El Señor Jesús comisionó a sus seguidores a ir y hacer discípulos, “bautizándolos en el nombre del Padre, y del Hijo, y del Espíritu Santo” (Mt 28.19). A medida que la iglesia primitiva difundía el mensaje del evangelio, la respuesta de fe del nuevo creyente era el bautismo. Lo cual indicaba públicamente que la persona era ahora seguidora de Jesucristo.
Los símbolos sirven para comunicar lo que las palabras no pueden. El bautismo es un símbolo de nuestra experiencia de salvación. Mediante este acto, proclamamos que Jesús murió por nuestros pecados, de que fue sepultado y resucitó; y damos testimonio de que hemos recibido su poderosa transformación.

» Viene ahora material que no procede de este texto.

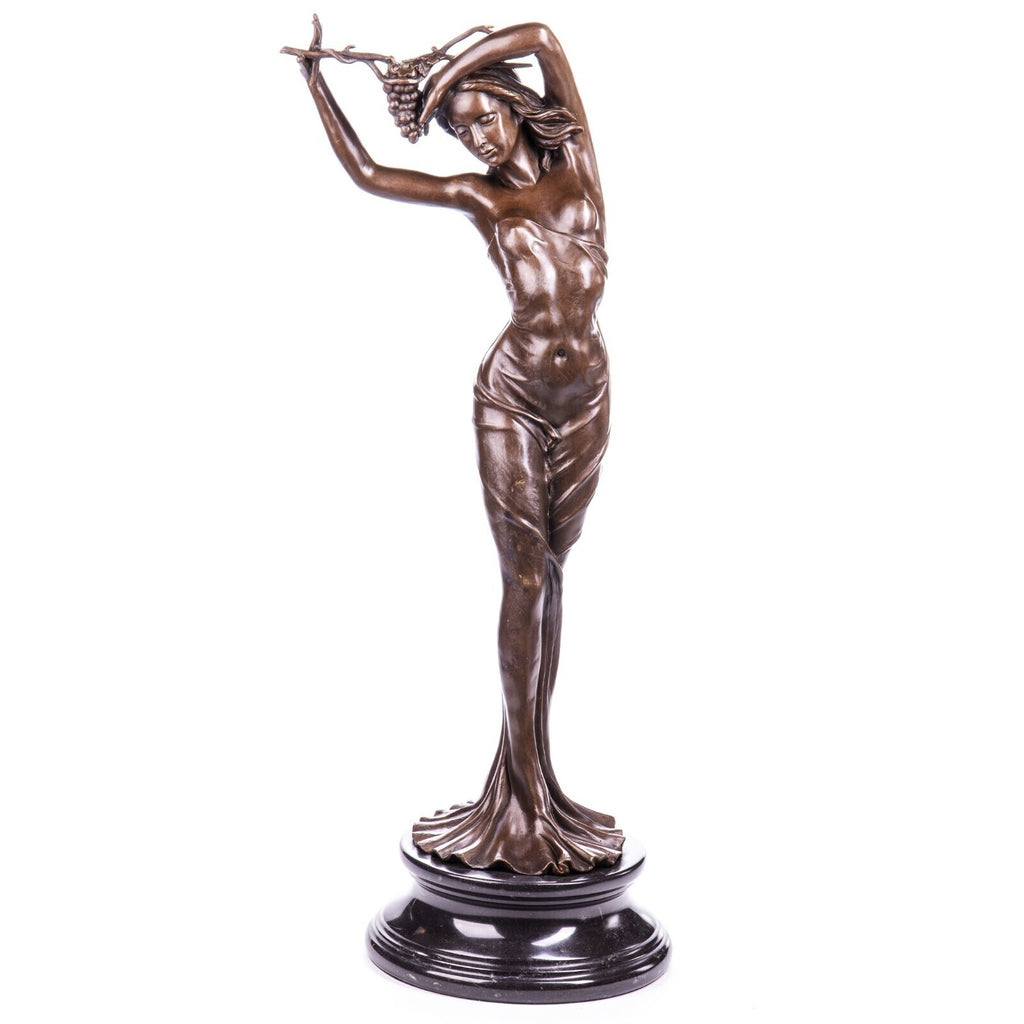 Bronze Skulptur Frau mit Weintrauben – signierte Aktfigur auf Marmorsockel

La palabra “bautizar” en la Biblia es la misma que se usa en griego para describir una tela que se sumerge en un tinte —se refiere a un cambio total. Por eso, al ser sumergidos en el agua, declaramos que estamos eligiendo morir a la vida vieja y nos estamos uniendo con Cristo. Nuestro pecado es sepultado con Él, y el poder del pecado es vencido por la muerte de Cristo en la cruz (Ro 6.14). Cuando somos levantados del agua, afirmamos la resurrección del Señor Jesús. El bautismo es una manera simbólica de decir que, así como el Señor venció la muerte y resucitó, nosotros resucitaremos espiritualmente. Somos “nacidos de nuevo” y transformados por el poder de su Santo Espíritu.
En la Biblia, “creer” no es una palabra que indica aceptación intelectual, sino acción. Nuestra fe nunca debe ser ocultada como una luz puesta debajo de un almud (Lc 11.33); nuestros familiares y amigos necesitan ver el evangelio en acción.